Experience in Tanzania1 has suggested that the following strategies can improve access for all children; this will mean that the number of girl children likely to receive cataract surgery will also increase:
- Mass media efforts (especially radio) may provide the first opportunity for rural villagers to learn about the need for early referral of young children with vision loss.
- Many health workers are not familiar with the need for early referral of children with a ‘white pupil’. Brochures and posters have been useful as a continuing medical education tool.
- Cost (direct and indirect) is often the most important barrier preventing use of surgical services by children. Transport reimbursement (for parents and children) is often essential, particularly for parents living quite far away from tertiary hospitals.
- Cell phone penetration has grown significantly in many low- and middle-income countries and phone follow-up with parents has proven to be a very useful strategy for reminding parents to bring children for follow-up visits.
In addition, there are two strategies that will have a more direct impact on improving access for girls:
- Evidence suggests that it is helpful to use key informants to identify and refer children who need eye care. More girls are identified this way than when relying on parents alone to recognise the need for surgery.
- Paediatric ophthalmology tertiary facilities can benefit from having a dedicated childhood blindness coordinator who can provide high quality counselling and support services for parents and guardians. With the help of such a coordinator, parents learn the benefits of early surgery, follow-up, and rehabilitation and become more engaged in the care of their children, particularly girls. Using a tracking form (showing when the operation was performed and all follow-up dates) helps the coordinator to monitor follow-up, counselling needs, and patient information efforts.

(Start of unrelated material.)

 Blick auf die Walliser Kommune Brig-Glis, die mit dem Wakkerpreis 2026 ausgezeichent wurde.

In order to support the coordinator’s work, it is important to link clinical services at paediatric ophthalmology units with general ophthalmology units and other eye care providers as well as with educational and rehabilitation services.
1 Kishiki K, Shirima S, Lewallen S, Courtright P. Improving postoperative follow-up of children receiving surgery for congenital or developmental cataracts in Africa. J of AAPOS (in press).

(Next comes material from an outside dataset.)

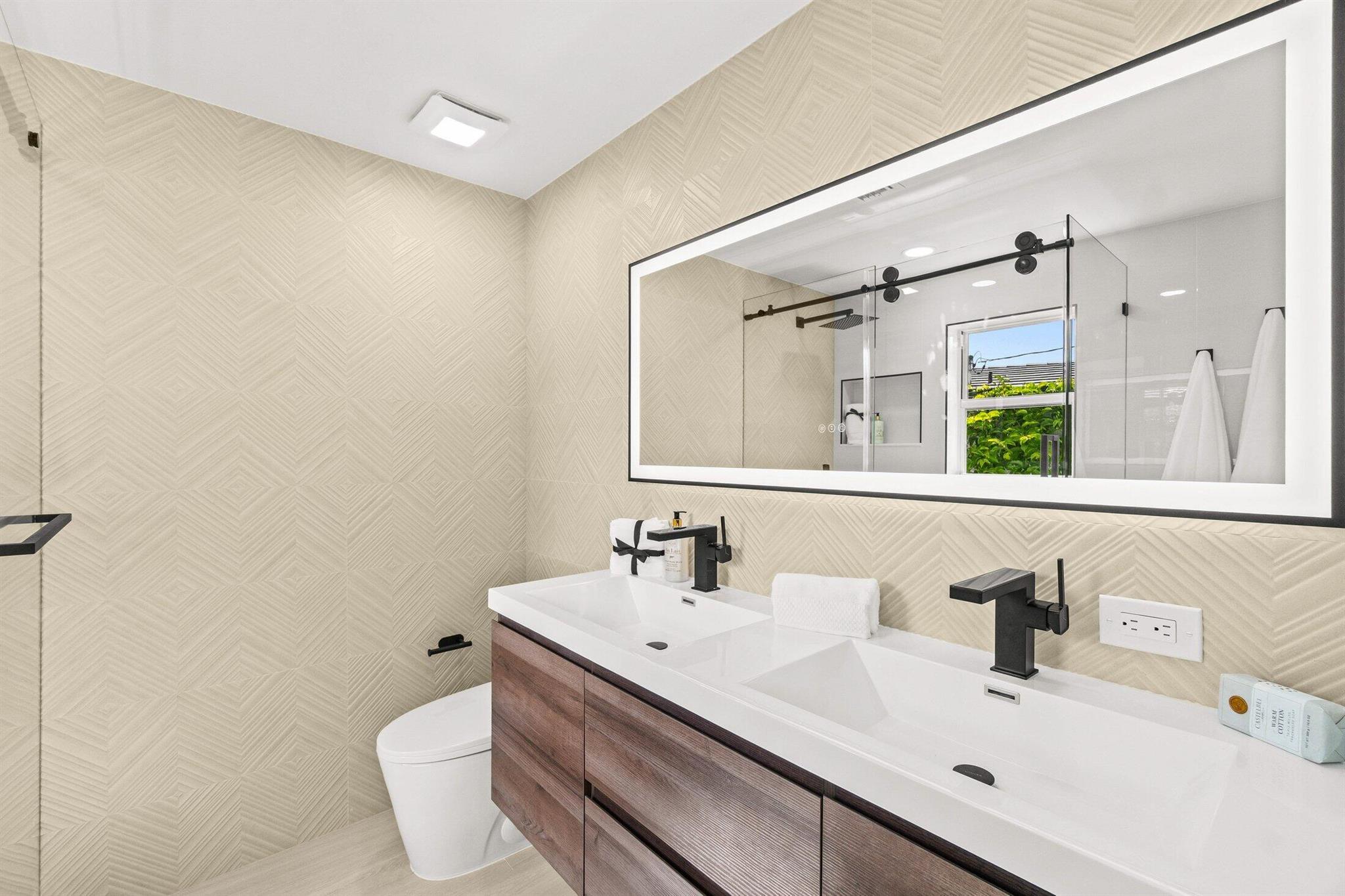 FOREST HILLS - Residential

1 Kalua K, Patel D, Muhit M, Courtright P. Causes of blindness among children identified through village key informants in Malawi. Can J Ophthalmol 2008;43(4): 425-7.
2 Mwende J, Bronsard A, Mosha M, Bowman R, Geneau R, Courtright P. Delay in presentation to hospital for surgery for congenital and developmental cataract in Tanzania. Br J Ophthalmol 2005;89(11): 1478-82.

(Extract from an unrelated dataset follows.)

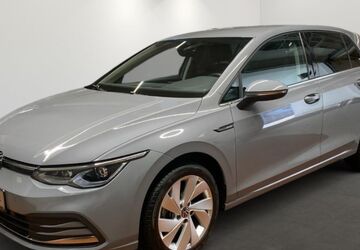 VW Golf 34.909 km 23.950 &euro; Düsseldorf 40233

3 Eriksen JR, Bronsard A, Mosha M, Carmichael D, Hall A, Courtright P: Predictors of poor follow-up in children that had cataract surgery. Ophthalmic Epidemiol 2006; 13(4): 237-243.
4 Bronsard A, Geneau R, Shirima S, Mwende J, Courtright P. Why are children brought late for cataract surgery? Qualitative findings from Tanzania. Ophthalmic Epidemiol 2008;15: 383-8.
5 Ostergaard, L: Gender-health-development. In: Ostergaard L, ed. Gender and development: a practical guide. New York: Routledge, 1992: 110-164.
6 Lane S and Cibula D: Gender and health. In: Albrecht GL et al, ed. Handbook of Social Studies in Health and Medicine. London: Sage, 2000: 136-153.